At the beginning of 2020, Roseline Enoka, who was born in a refugee camp in Kenya, moved from her family home in Australia to Wellington to live with her sister. Roseline wanted to study social work so she could get a job helping children and refugees. She set her sights on getting a social work degree at Whitireia, and as a stepping stone enrolled in the Whitireia Certificate in Study and Career Preparation - Social Science (Level 3 and 4).

But the move to Wellington to study for Roseline’s dream job was not easy.

“I have always been extremely shy and unsure of myself, so when I moved to Wellington to start my studies I didn’t find it easy to make friends, and didn’t feel very confident,” says Roseline.

Recognising Roseline would benefit from some extra support, a member of the Whitireia and WelTec Learner Support team contacted Roseline during lockdown and introduced her to Jackie Bailey, one of the coordinators of the institute’s leadership programme LEAP. Jackie knew immediately that LEAP would be a big help for Roseline, and encouraged her to join when lockdown ended.

LEAP, which is short for leadership, employment, action and preparation, is a student volunteer and leadership programme which was developed by two academic support staff at Whitireia and WelTec to engage students in leadership and employability activities and develop communication skills and confidence, to become more community-minded, and work-ready.

The LEAP programme requires students to complete at least 20 hours of volunteer community service, and to attend two workshops a year. The workshops include talks on leadership, employability and community.

Roseline attended the first LEAP social event in July 2020 and has been to almost every event and workshop since.

“From the first social event, you would have thought that everyone had been friends for years,” says Roseline. “No one knew each beforehand and we were all there for the same reason, so it made socialising really easy.
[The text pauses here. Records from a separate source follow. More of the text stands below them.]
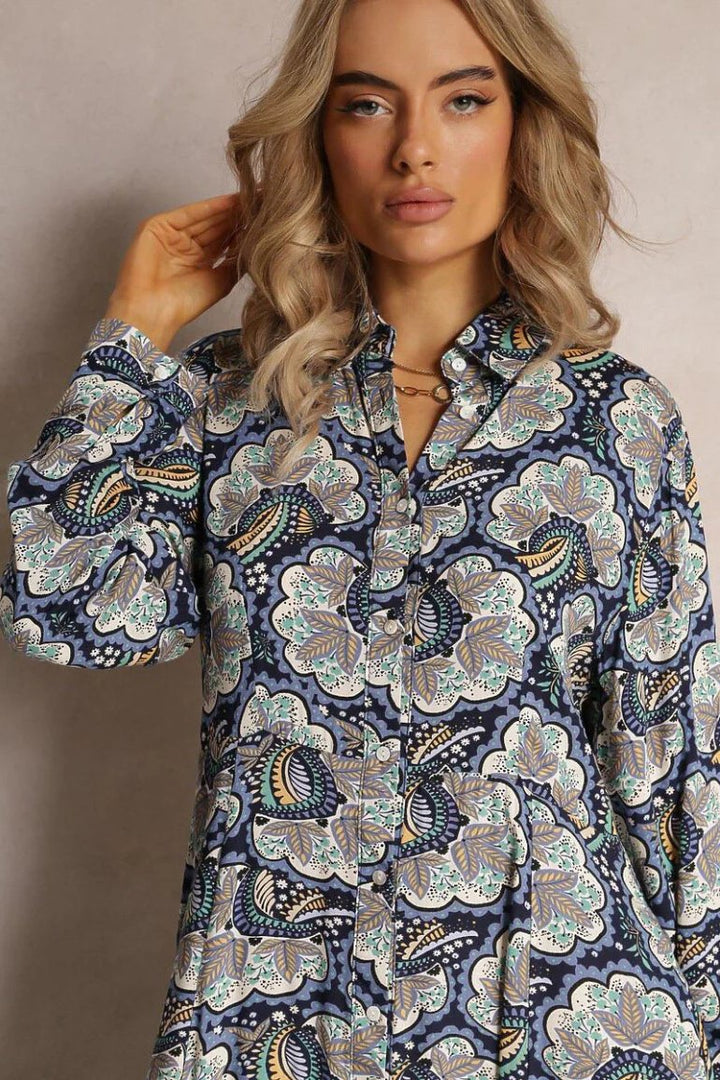 Anneka Print Shirt Dress | Navy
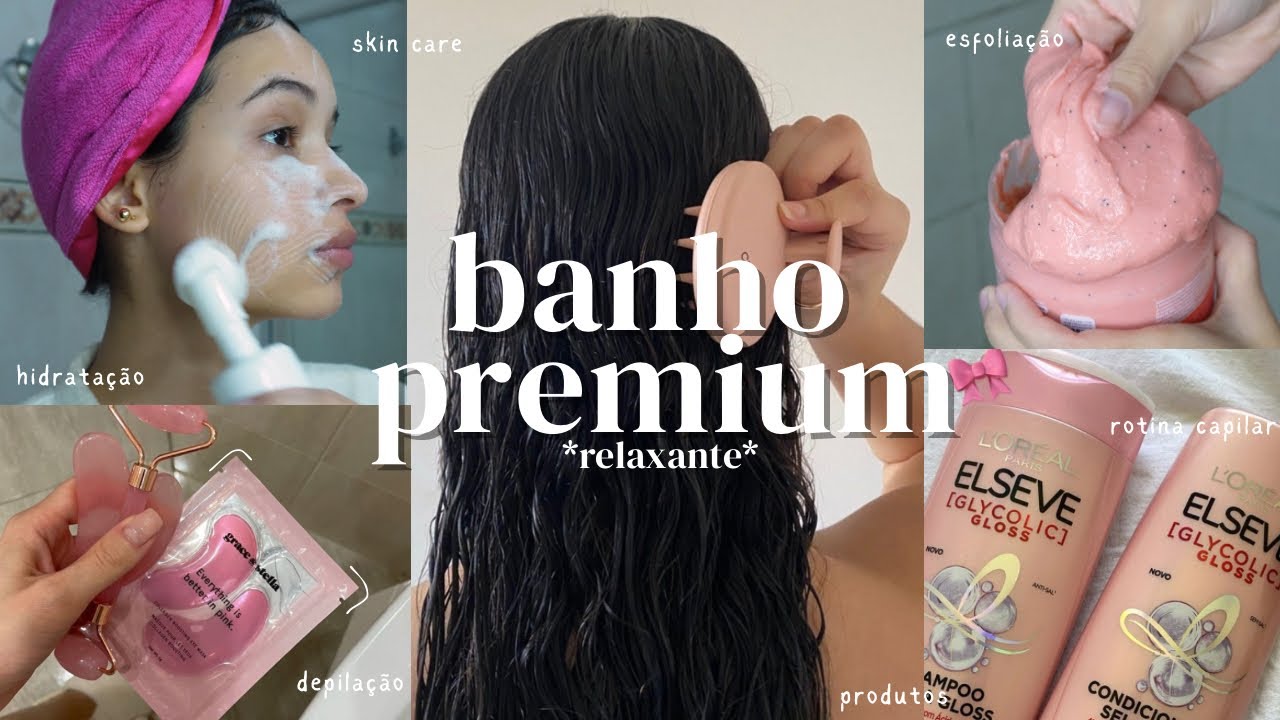 ROTINA banho premium💗🛁| cabelo, esfoliação, corpo, hidratação, pele, depilação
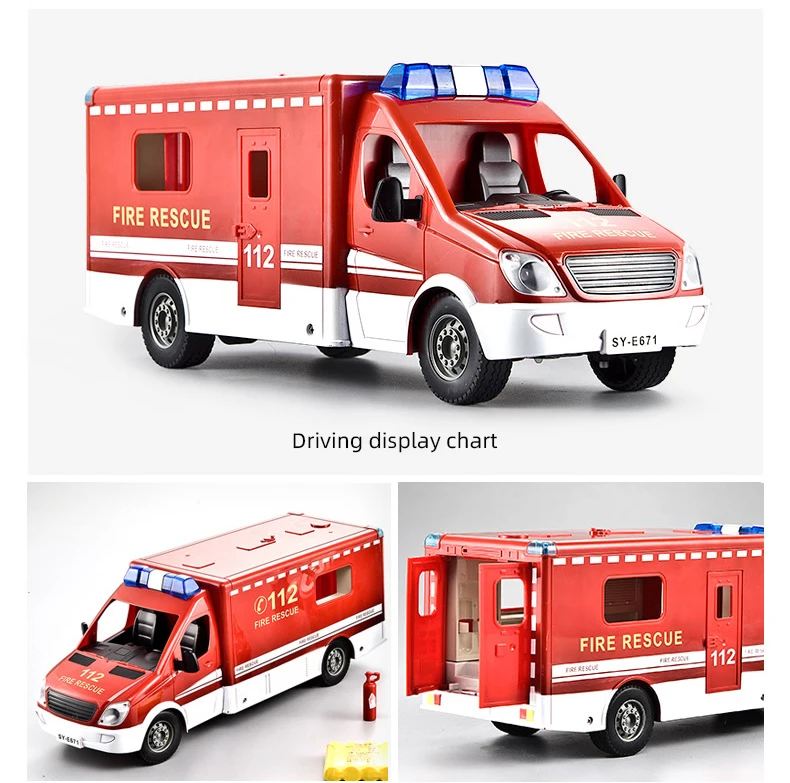 Double E Rc Car Kids Toy Remote Control Car Fire Rescue Vehicle with Light Sound Large Simulate City Car Model Childern Gift enlarge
After that event people were saying hello to me on campus and I felt like I knew a lot of people all of a sudden, and that in itself really boosted my confidence.”

“From then on I started to complete my volunteer hours at events around campus including helping at Mental Health Awareness Week, and running the Whitireia Pātaka Kai, a ‘take what you need’ pantry run by the Student Hardship Fund.”

“Roseline was obviously a bit lonely and struggled with self-esteem before joining LEAP but now when she walks into a room you can see her beautiful personality shine through. I knew that with a little push she would flourish in the LEAP programme,” says Jackie.

Roseline spent much of her young life moving from place to place but never felt like she settled in, causing her to feel isolated and struggle to make friends.

“The confidence that I developed from LEAP meant that I was able to communicate better with my peers but also with my tutors. It really helped my studies, especially having to deliver presentations in front of the class. I honestly don’t think I could have done all of that without my experience with LEAP.”

“LEAP was instrumental in helping Roseline to find her feet, connect with others and building confidence,” says Jackie.

Roseline has successfully completed her Certificate in Study and Career Preparation - Social Science (Level 3 and 4) and is looking forward to starting her Bachelor of Social Work early this year.